*Material provided*:
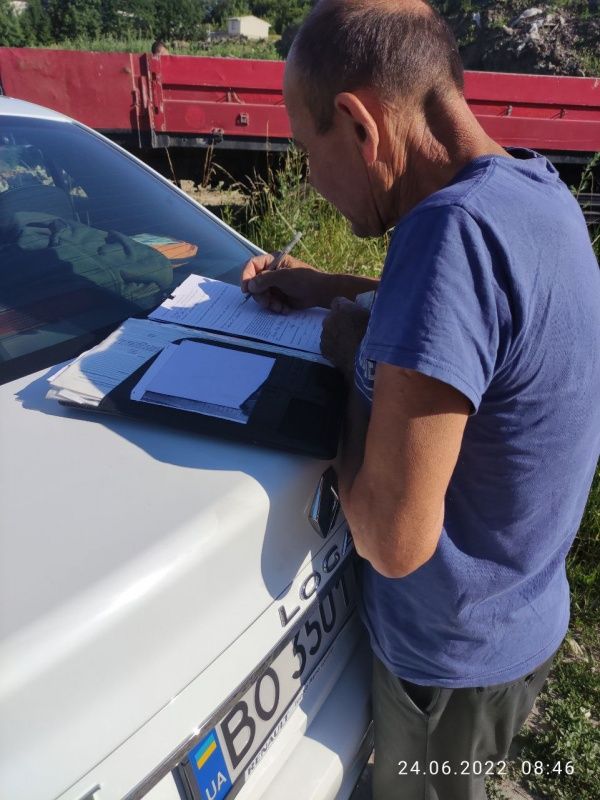 Новини Тернополя - фото з У Тернополі сміття з вантажівки скинули біля дороги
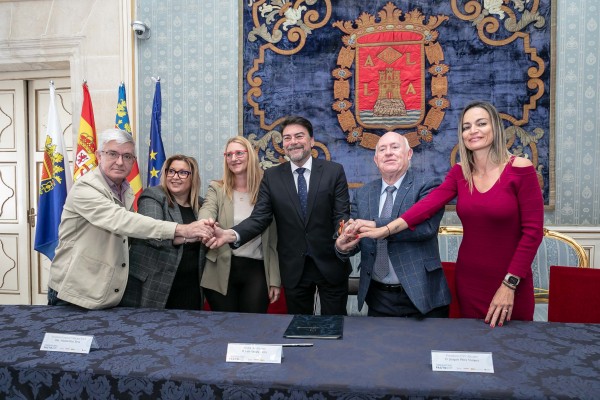 Alicante renueva con los agentes sociales el Pacto por el Empleo con un laboratorio de estrategias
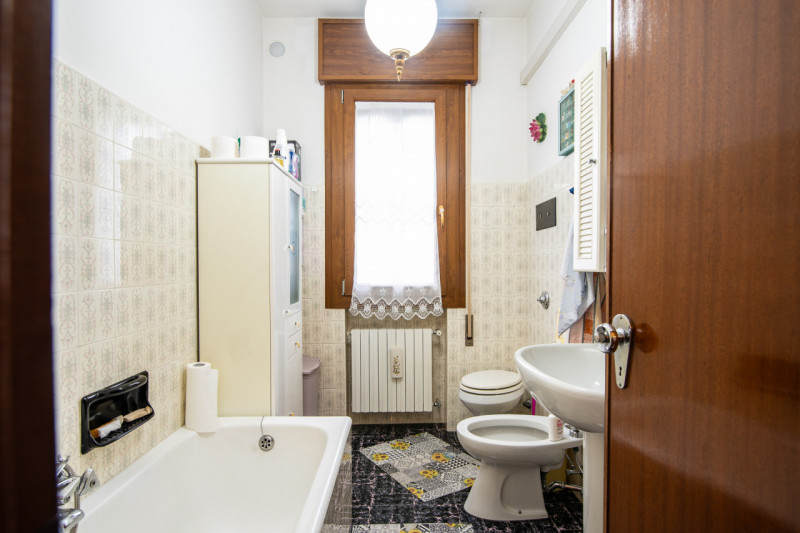 Immagine 17 di Casa indipendente in vendita  in Via dei Tigli a Abano Terme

*Task item*:
Drop the pictures and reproduce the rest of the data above exactly.

*Response area*:
 Новини Тернополя - фото з У Тернополі сміття з вантажівки скинули біля дороги
 Alicante renueva con los agentes sociales el Pacto por el Empleo con un laboratorio de estrategias
 Immagine 17 di Casa indipendente in vendita  in Via dei Tigli a Abano Terme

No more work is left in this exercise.